Although dips are great served as ‘dips’ they can also double as toppers for crostini (use generous amounts) or as fillers for hot mini vol-au-vent cases. Add some diced crisp vegetables or salami for interest.
And you can augment your home-made goodies with some store-bought treats. I’ve fallen for Barkers gluten-free and vegan Artichoke Antipasto Spread — excellent dolloped on fresh ciabatta.
INDIAN EGGPLANT DIP
A couple of my friends taste-tested this dip and immediately asked for the recipe. I hope you enjoy it too. If you don’t want to serve the dip in the shell, just peel the eggplants and use all the flesh. Add a little canola oil to make it more spreadable if you wish.

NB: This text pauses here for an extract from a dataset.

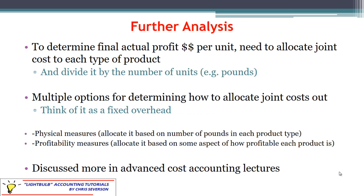However, if you want to determine the profit of each unit, eventually you'll need to allocate that joint cost between the two products. One way is to allocate based on pounds. The total was 2,000 pounds: 1,500 pounds in cocoa butter and 500 in cocoa powder, which is 75% and 25% respectively. So you could argue cocoa butter gets 75% of the $1,500 joint cost and cocoa powder gets 25%. That's a common, straightforward method. In advanced cost accounting lectures, we'll discuss alternative methods to allocate joint costs.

600g or 2 x 300g eggplants
1 teaspoon salt
2 tablespoons canola oil
1 each: small onion, red capsicum, carrot, diced
2 cloves garlic, crushed
2 tablespoons each: tomato paste, cider vinegar
4 tablespoons water
1-2 tablespoons curry powder
freshly ground black pepper to taste
With a sharp knife cut a slice off the side of the eggplant. Using a spoon or sharp knife remove the pulp from the inside leaving a 1cm-thick shell. Place aside.
Chop the flesh finely and sprinkle with salt. Stand for 30 minutes, then drain.
Heat the oil in a frying pan and sauté the chopped eggplant, onion, capsicum, carrot and garlic, until tender. Stir in the tomato paste, vinegar, water, curry powder and pepper. Simmer for about 5 minutes until well combined.
Purée in a food processor or blender until smooth. May be refrigerated for up to 24 hours. To serve, spoon the mixture back into the shell. Serve with potato chippies or crisp vegetable sticks as dippers. Makes about 1 1/2 cups.
PANCETTA & CAPSICUM NIBBLES
1 ciabatta or poppy seed loaf
butter or table spread
1 cup smooth sundried tomato antipasto or tomato-based chutney
1 small onion, diced
50g pancetta, chopped
2 large gherkins, diced
1/2 each: large red, yellow, capsicum, diced
1 cup grated tasty cheddar cheese
Preheat the oven to 160°C.
Slice the bread then cut each slice into four pieces. Butter each piece and spread with antipasto or chutney.
Top with the onion, pancetta, gherkin and capsicums then sprinkle with a little cheese. Bake for 20-30 minutes on an oven tray, or until crispy. Makes approximately 40.
BACON, APRICOT & CHEESY STICKS
Prepare ahead and serve at room temperature or warm through in the microwave.
1/2 cup orange juice
12 plump dried apricots
75g camembert
4-5 rashers streaky bacon
1/2 cup spicy tomato relish or chutney
Place the orange juice and apricots in a bowl. Cover and microwave for about 2 minutes, until softened. Stand, until cool. Cut the camembert into 1cm cubes.
Brush each bacon rasher with relish. Cut into pieces long enough to wrap around each drained apricot together with a cube of camembert. Secure with small skewers.
Grill for 2-3 minutes, turning once or twice during cooking. Brush with more relish and serve. Makes 12.